The Chrome team is currently working to add official Steam compatibility to Chrome OS,
which could pave the way for gaming-focused Chromebooks with dedicated GPUs.
Valve supports gaming using Steam on Windows, macOS, and Linux, but it could soon
add a fourth operating system to that list. Google wants Steam running on Chrome OS.
As Android Police reports, during CES last week Kan Liu, Senior Director of Product
Management for Chrome OS, admitted that the Chrome development team is working
to bring Valve's Steam client to Chrome OS. In so doing, it would unlock thousands
of games to play on Chromebooks.
It's been suggested that Google is actually working in co-operation with Valve on this
project, but Liu wouldn't confirm they are. What he did confirm was that Steam would
work using Chrome OS's Linux compatibility mode, so while it worked through Chrome
OS it would actually be relying on Linux to function.

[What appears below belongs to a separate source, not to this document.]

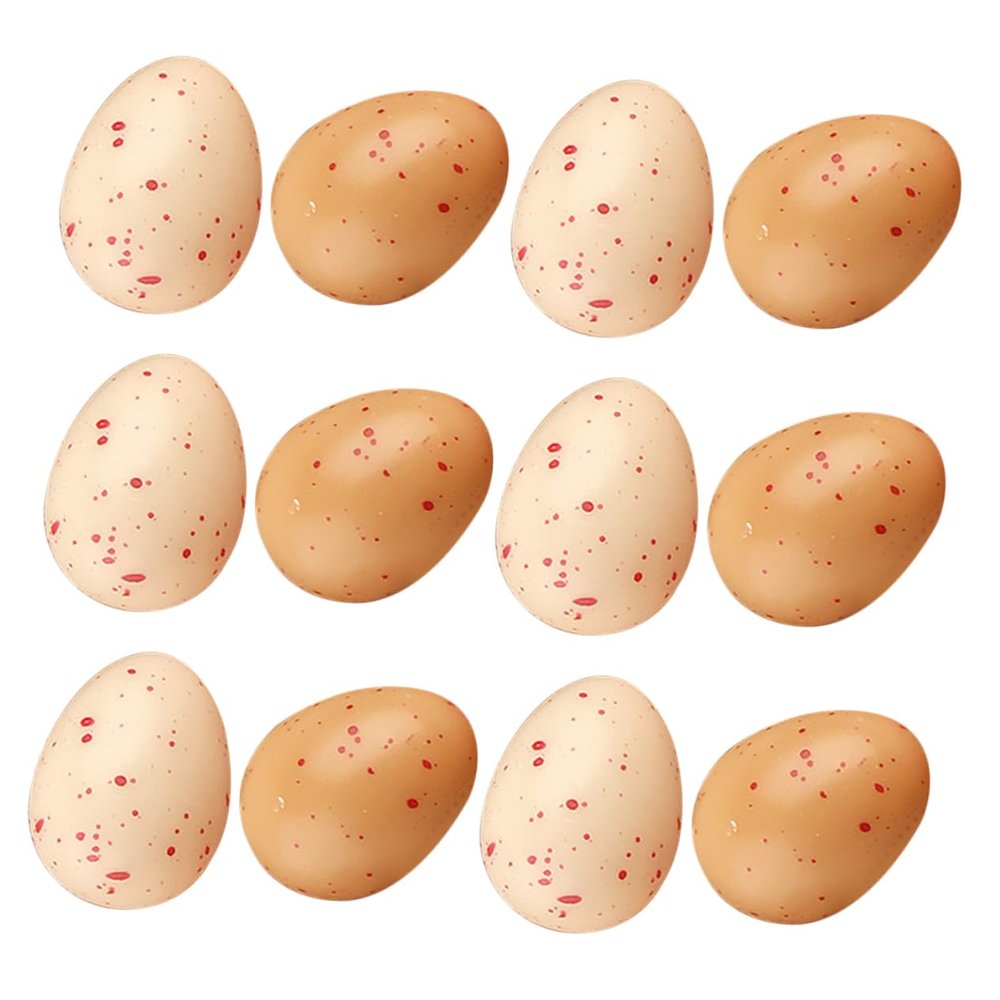20Pcs Faux Chicken Eggs for Easter Decor Realistic Speckled Bird Eggs for DIY Spring Displays Gardens and Festive Decorations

While official support for Steam on Chrome OS is great news for Valve and anyone who
wants to game on a cheap Chromebook, there are some serious limitations right now due
to the hardware being used. The majority of Chromebooks don't pack much performance,
memory, or storage, and certainly don't have a dedicated GPU. Very old games should run
fine, but anything released over the past several years would likely struggle or not run at all.
The flip-side to that problem is the potential for gaming Chromebooks to appear. Vendors
could market them as a safe way to surf the internet and do some work, while also being the
perfect entertainment device. The price of these Chromebooks would be considerably higher
though, assuming they'd need a faster CPU, dedicated GPU, and a lot more on-board storage.